Frankenstein: Learning Deep Face Representations using Small Data
This addresses a data scarcity issue for researchers and practitioners in face recognition, particularly for NIR applications, by enabling effective training with small datasets, though it is incremental as it builds on existing synthetic data generation methods.
The paper tackles the problem of training deep face recognition models when large labeled datasets are unavailable, such as in near-infrared (NIR) face recognition, by generating synthetic training images through compositing real faces. The result is that models trained on as few as 10,000 synthetic images perform comparably to those trained on 500,000 real images, achieving state-of-the-art results on the CASIA NIR-VIS2.0 dataset.

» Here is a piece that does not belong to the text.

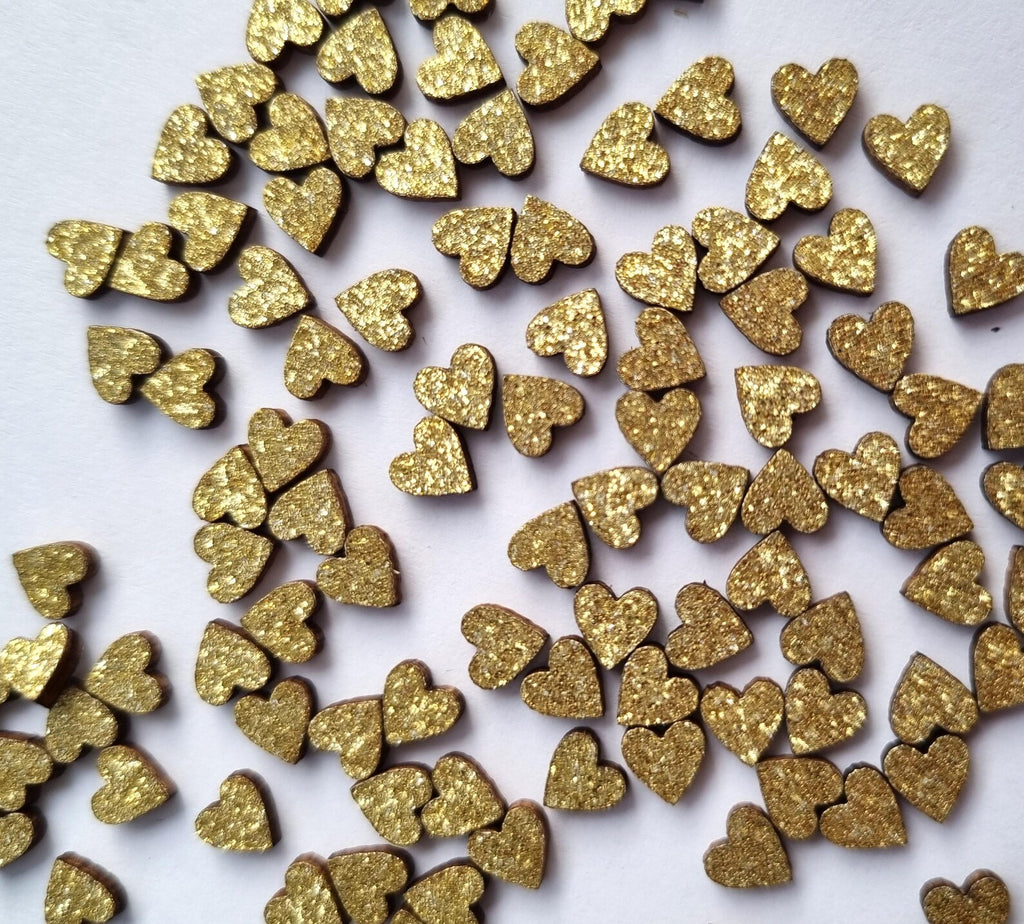 Glitter Wood Heart Confetti: Tiny Table Scatter, Arts & Crafts (0.5cm)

Deep convolutional neural networks have recently proven extremely effective for difficult face recognition problems in uncontrolled settings. To train such networks, very large training sets are needed with millions of labeled images. For some applications, such as near-infrared (NIR) face recognition, such large training datasets are not publicly available and difficult to collect. In this work, we propose a method to generate very large training datasets of synthetic images by compositing real face images in a given dataset. We show that this method enables to learn models from as few as 10,000 training images, which perform on par with models trained from 500,000 images. Using our approach we also obtain state-of-the-art results on the CASIA NIR-VIS2.0 heterogeneous face recognition dataset.